Saturday, July 2, 2016

Creation Moment 7/3/2016 - Planetary Oceans?


But the wicked are like the troubled sea, when it
cannot rest, whose waters cast up mire and dirt.
Isaiah 57:20
"If Pluto and Enceladus have oceans under the crust, why are they still liquid after billions of years?
You can’t see them, but they must be there. Oceans under the crusts of planets and icy moons, inferred from orbital mechanics and geology, serve as working hypotheses to explain anomalies found by space probes. They were not predicted before the spacecraft sent back photos of weird
surfaces. Enceladus and Pluto are recent candidates for oceanic worlds.

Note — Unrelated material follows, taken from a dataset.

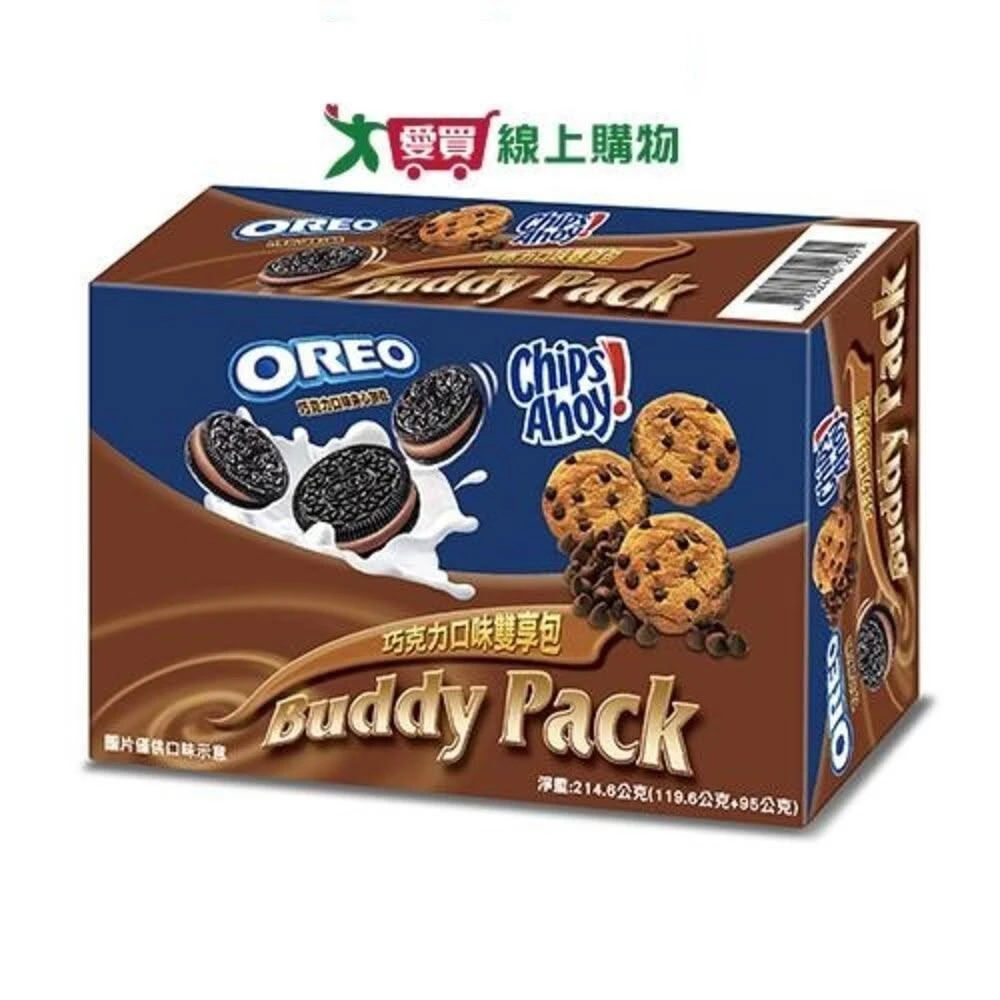 【OREO 奧利奧】奧利奧奇寶巧克力雙享包205.4G 愛買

Scientists on the New Horizons team have started considering an underground ocean at Pluto. In “Present-day subsurface ocean on Pluto?” Science Daily infers hidden sloshing seas from surface features that would have been different without a global ocean under the crust.

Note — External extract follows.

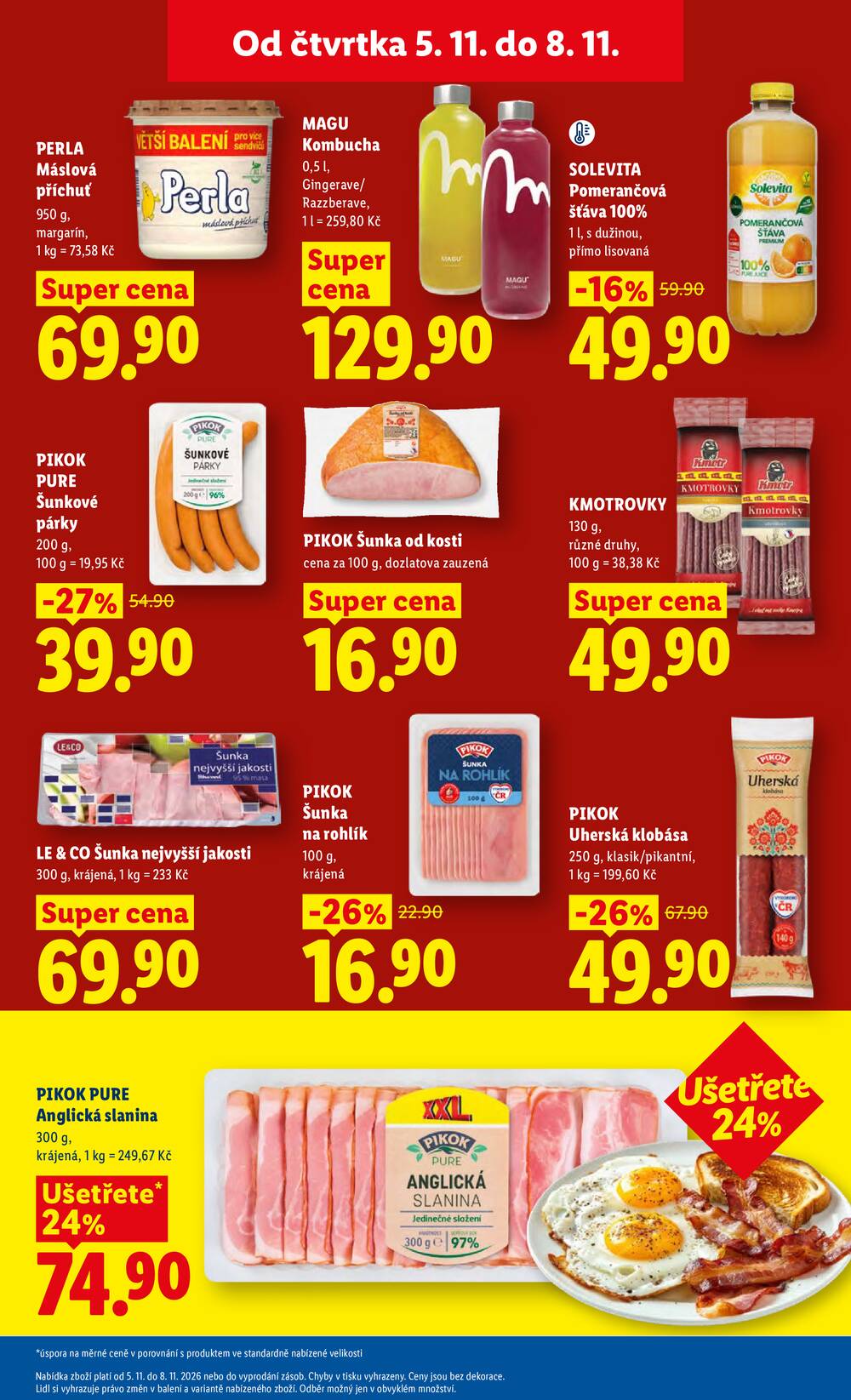 Lidl Čtvrtek od 5.11. do 8.11.2026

According to Astrobiology Magazine, this was not exactly a ho-hum expectation of planetary science:
That’s amazing to me,” Hammond said. “The possibility that you could have vast liquid water ocean habitats so far from the sun on Pluto — and that the same could also be possible on other Kuiper belt objects as well — is absolutely incredible.
Science Daily doesn’t answer how such an ocean could survive for billions of years, ....
Planetary scientists have been toying with subsurface oceans at Enceladus for the last decade since Cassini found geysers erupting. “An ocean lies a few kilometers beneath Saturn’s moon Enceladus’s icy surface,” Science Daily announced from indirect indications and physical models.

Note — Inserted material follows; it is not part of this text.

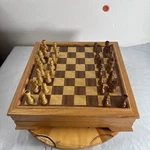 5-in-1 Chess/checkers/backgammon/dominoes/poker&dice/cribbage Board Game Set Bks. Fixed Price $22.00.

Back at Pluto another astonishing discovery has been refined: a super-canyon on the moon Charon that is longer and deeper than the Grand Canyon. It’s five times as deep as Arizona’s, Astrobiology Magazine says, and 150 miles longer – remarkable for a world much smaller than Earth. Another record may be set: “There appear to be locations along the canyon’s length where sheer cliffs reaching several miles high occur, and which could potentially rival Verona Rupes on Uranus’ moon Miranda (which is at least 3 miles, or 5 kilometers, high) for the title of tallest known cliff face in the solar system.”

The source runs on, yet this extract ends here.